M. Luc Chatel, secrétaire d'État. Sans compter la valeur en francs.

M. Gérard Cornu, rapporteur. Et je ne parle effectivement que de l'affichage en euros, monsieur le secrétaire d'État !

Cette mesure, qui part d'une bonne intention, pourrait introduire une confusion dans l'esprit du consommateur. Le pire est que ce dernier pourrait se tromper : voyant le prix le plus bas, il déciderait d'acheter, et, à la caisse, il devrait le prix le plus élevé !

Dans un souci de transparence de l'affichage, de lisibilité du texte, et afin d'éviter tout risque d'erreur chez le consommateur, je vous invite à adopter notre amendement de suppression de l'article 10 quinquies, mes chers collègues.

M. le président. Quel est l'avis du Gouvernement ?
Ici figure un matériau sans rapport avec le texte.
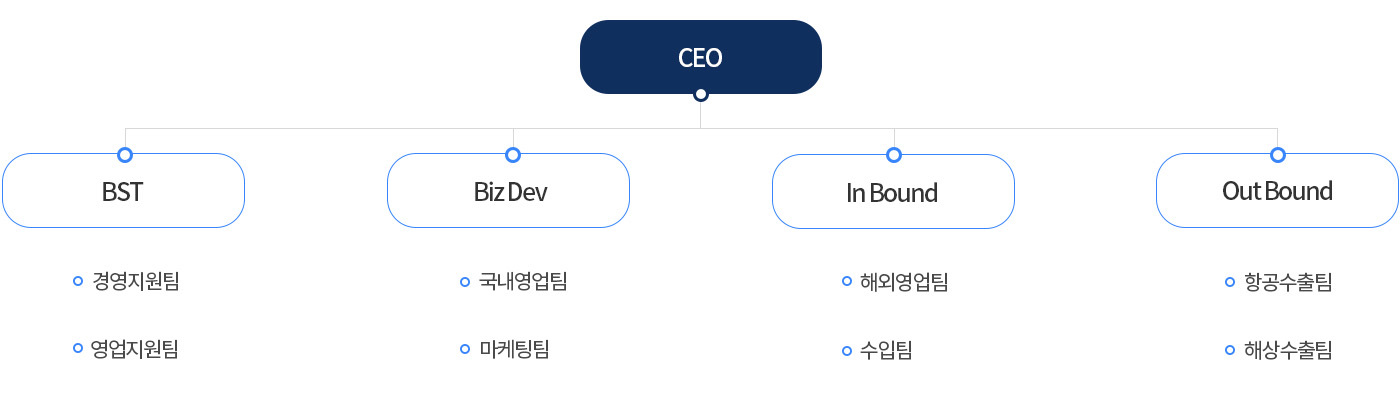 조직도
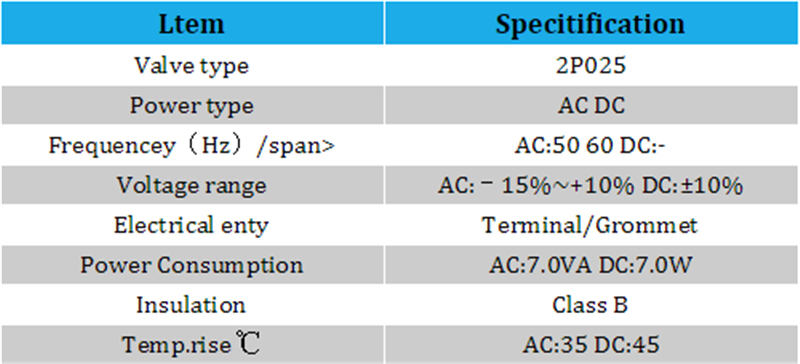 2P025 Series Direct Acting Solenoid Valve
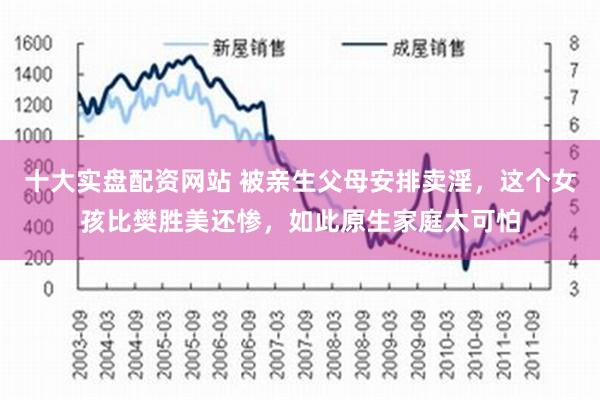 十大实盘配资网站 被亲生父母安排卖淫，这个女孩比樊胜美还惨，如此原生家庭太可怕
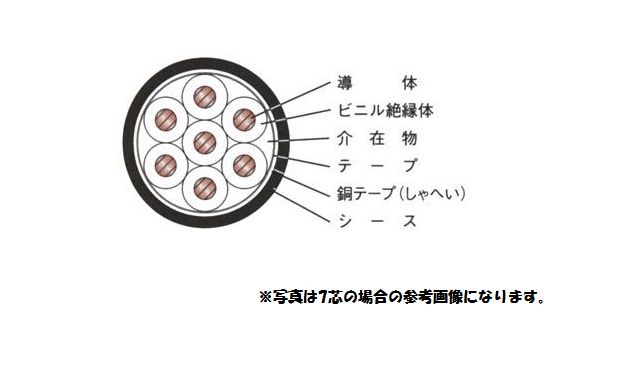 発変電所や各種プラント内の制御回路に使用されています！！ ☆50mの単価（消費税10％込み）です。 　 必要巻数をお知らせください。 ☆メーカーは、フジクラ・昭和電線・住電日立・古河電工の 　どれかになります。 　メーカー指定はできませんのでご了承ください。 ☆領収書が必要な場合、ご指示いただければ対応致します。 　法人印のある領収書を発行いたします。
M. Luc Chatel, secrétaire d'État. La disposition qui a été adoptée à l'Assemblée nationale ne contribue pas à simplifier l'information du consommateur. Au contraire, comme l'a très bien souligné M. le rapporteur, elle pourrait induire ce dernier en erreur.

Un double étiquetage avait été institué en août 1999 pour neuf fruits et légumes : à côté du prix payé par le consommateur devait figurer le prix d'achat au producteur.

Ce double étiquetage a duré deux mois. En effet, il imposait de nombreuses contraintes techniques et entraînait une confusion totale chez le consommateur.

C'est la raison pour laquelle le Gouvernement est très favorable à la suppression de l'article 10 quinquies.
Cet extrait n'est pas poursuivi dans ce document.